Great! (The asterisk is telling us that we still have a breakpoint set there.)

So if you remember our original program, we just ran the line def nemesis:

(defn enemy-of-enemy [name people]
  (debug)
  (def subject (people name))
  (def nemesis (people (subject :nemesis)))
  # we are here
  (people (nemesis :nemesis)))

And now we’re going to do one more lookup in the people struct and return the result. At this point we have all the information we need to figure out why this doesn’t work:

debug[1]:13:> (def nemesis ((.locals) 'nemesis))
{:age 7.5 :nemesis "sarah"}
debug[1]:14:> (def people ((.locals) 'people))
{"ian" {:age "young at heart" :nemesis "jeffrey"} "jeffrey" {:age 7.5 :nemesis "sarah"}}
debug[1]:15:> (nemesis :nemesis)
"sarah"
debug[1]:16:> (people "sarah")
nil

Aha. That would do it, wouldn’t it?

Now, deciphering Janet bytecode was, umm, clearly overkill for such a trivial bug. But this runtime step-through debugging can be quite useful in hairier situations. It’s not the most ergonomic experience, though, so it’s probably not something that you should reach for unless you’re pretty well stumped already.

I don’t use the debugger much, personally. Janet’s interactive debugger is mostly useful for deep bugs — bugs that are hard to reproduce in test cases, that only show up after accumulating a bit of runtime state, or that only arise non-deterministically. Deep bugs are unavoidable, but I like to structure my programs to be as shallow as possible, so that I can shake out as many bugs as I can with automated tests.

There are some more commands available in the debugger that we haven’t talked about. You can see them all with autocomplete:

debug[1]:1:> .<TAB>
.break
.breakall
.bytecode
.clear
.clearall
.disasm
.fiber
.fn
.frame
.locals
.next
.nextc
.ppasm
.signal
.slot
.slots
.source
.stack
.step

And you can read about them with doc:

debug[1]:2:> (doc .bytecode)


    function
    boot.janet on line 3411, column 3

    (.bytecode &opt n)

    Get the bytecode for the current function.


nil

But I think that .locals, .ppasm, and debug/break are the most useful ones to know about.

There’s one more thing I’ll mention before we leave here.

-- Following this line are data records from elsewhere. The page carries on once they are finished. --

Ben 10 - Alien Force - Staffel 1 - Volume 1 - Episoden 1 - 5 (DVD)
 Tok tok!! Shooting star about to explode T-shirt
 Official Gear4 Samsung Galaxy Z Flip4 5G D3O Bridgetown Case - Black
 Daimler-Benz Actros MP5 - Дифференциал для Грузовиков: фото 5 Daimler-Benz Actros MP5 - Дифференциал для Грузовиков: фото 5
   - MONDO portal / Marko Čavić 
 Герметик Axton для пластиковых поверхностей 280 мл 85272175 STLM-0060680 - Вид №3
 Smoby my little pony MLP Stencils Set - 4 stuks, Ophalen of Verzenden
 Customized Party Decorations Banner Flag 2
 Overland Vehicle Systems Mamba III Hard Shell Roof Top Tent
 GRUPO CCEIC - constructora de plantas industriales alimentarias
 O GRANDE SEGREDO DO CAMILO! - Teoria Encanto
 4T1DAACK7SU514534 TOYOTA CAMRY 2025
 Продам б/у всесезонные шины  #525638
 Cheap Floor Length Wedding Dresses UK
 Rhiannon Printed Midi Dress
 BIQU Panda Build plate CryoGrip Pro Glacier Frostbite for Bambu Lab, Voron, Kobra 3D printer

By default, you can’t use janet -d to break on top-level errors. This means that you can’t use the interactive debugger for errors that you encounter during the compilation phase — including errors inside macro definitions.

(error "oh no")

janet -d raise.janet
error: oh no
  in _thunk [raise.janet] (tailcall) on line 1, column 1

To catch top-level errors like this, you also have to pass -p:

janet -p -d raise.janet
error: oh no
  in _thunk [raise.janet] (tailcall) on line 1, column 1
entering debug[1] - (quit) to exit
debug[1]:1:>

This can be pretty helpful when you’re debugging macros so tricky that your tests don’t even compile.